# Speaker rot, what causes it?



## tonyvdb (Sep 5, 2007)

Ive been seeing several people on forums comment about the speaker rubber surrounds rotting and needing replacement. Why is this and is it due to high humidity climates? I have speakers that are almost 18 years old that still have shown no sign of the so called rot problem.


----------



## ironglen (Mar 4, 2009)

Excellent question Tony- I've been shying away from foam surrounds as they seemed to deteriorate really fast (in a few years sometimes) when I lived on the Gulf coast (TX). Now, you said people are having rubber surround breakdown, hmm...hope someone has the answer:waiting:


----------



## drdoan (Aug 30, 2006)

When you think about it, foam is mostly air, whereas rubber is relatively solid. The rubber will have more stuff to rot away, therefore, will take longer to do so. But, there are probably many other factors involved. One will be more susceptible to oxidation than the other, etc. Besides, a rotted surround is a great way to convince someone to upgrade! Dennis


----------



## dgilme (Apr 1, 2009)

Not changing your socks after humping all day through the jungle and streams! Always bring dry socks.
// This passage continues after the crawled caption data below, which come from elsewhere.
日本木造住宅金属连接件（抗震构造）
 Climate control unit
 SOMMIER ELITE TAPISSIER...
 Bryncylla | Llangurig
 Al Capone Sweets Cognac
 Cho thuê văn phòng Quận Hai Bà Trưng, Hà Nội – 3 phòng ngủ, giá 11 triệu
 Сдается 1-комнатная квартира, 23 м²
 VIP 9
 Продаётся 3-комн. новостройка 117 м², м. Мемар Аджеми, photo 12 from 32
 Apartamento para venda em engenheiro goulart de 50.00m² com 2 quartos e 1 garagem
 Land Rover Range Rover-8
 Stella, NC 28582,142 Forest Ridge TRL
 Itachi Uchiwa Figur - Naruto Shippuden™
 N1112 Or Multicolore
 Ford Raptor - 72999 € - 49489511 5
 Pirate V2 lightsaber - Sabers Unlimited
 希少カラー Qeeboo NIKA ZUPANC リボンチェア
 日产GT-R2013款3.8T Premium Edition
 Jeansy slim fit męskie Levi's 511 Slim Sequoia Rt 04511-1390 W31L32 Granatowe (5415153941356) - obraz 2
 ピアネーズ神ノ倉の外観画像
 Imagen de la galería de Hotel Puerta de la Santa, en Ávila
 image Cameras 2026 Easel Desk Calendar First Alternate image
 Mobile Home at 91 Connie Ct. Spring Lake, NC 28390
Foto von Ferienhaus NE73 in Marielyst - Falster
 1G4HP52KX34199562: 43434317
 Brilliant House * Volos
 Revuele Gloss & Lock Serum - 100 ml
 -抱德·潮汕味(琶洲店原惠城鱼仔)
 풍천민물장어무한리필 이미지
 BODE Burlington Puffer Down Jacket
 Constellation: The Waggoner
Seriously though, modern foam and rubber surrounds have coatings that help prevent or at least delay this break down quite a bit.


----------



## tonyvdb (Sep 5, 2007)

I dont understand why speaker manufacturers would even make a speaker using foam surrounds I've read that it breaks down so fast in some climates that it needs replacement within as little as 5 years. Now I'm hearing reports that the rubber surround will also break down in some instances.


----------



## sparky77 (Feb 22, 2008)

From the little bit of research I've done, it seems to be mostly due to exposure to sunlight, high temperatures, and ozone.


----------



## lcaillo (May 2, 2006)

My understanding is that it is due to a fungus. 

I suspect that the largest reason for using foam has been to lower costs. It may be lighter as well, and some foam surrounds seem to be more compliant than rubber.


----------



## robbo266317 (Sep 22, 2008)

The ones I've seen looked like they were shredded by very sharp claws. :doh:
I have since invested in rubber surround drivers and steel speaker grills.


----------



## Bob_99 (May 8, 2006)

Assuming the speaker is not in a harsh environment (overly humid or lots of smokers), foams and rubbers will age like everything else and dependent on the chemical process, some will do so sooner than later. Even manufacturers that are careful will occasionally have a bad batch (probably the Friday afternoon syndrome).

Bob


----------



## Ricci (May 23, 2007)

In some cases the drivers being asked to produce particularily bad music may cause it.:R


----------



## Bob_99 (May 8, 2006)

Without doubt ...

:laugh:


----------



## evac31111 (Apr 4, 2009)

I'm glad this is not a problem for most of us-this hobby is expensive enough as it is!


----------



## the_rookie (Sep 30, 2008)

I third the bad music one. 

but on a serious not, i think some reasons for it is, isnt foam a gasoline based product? So doesnt it dry out more over time. Next, we have the reason of things just wear down over time. Third, when its exposed to constand motion, although not always extreme or continous, it does move. So we have it slowly drying, getting time wear, and expansion and contration wear, I think all of it combined it just causes it to lose its integrity, and cracks and falls apart, becoming brittle.


----------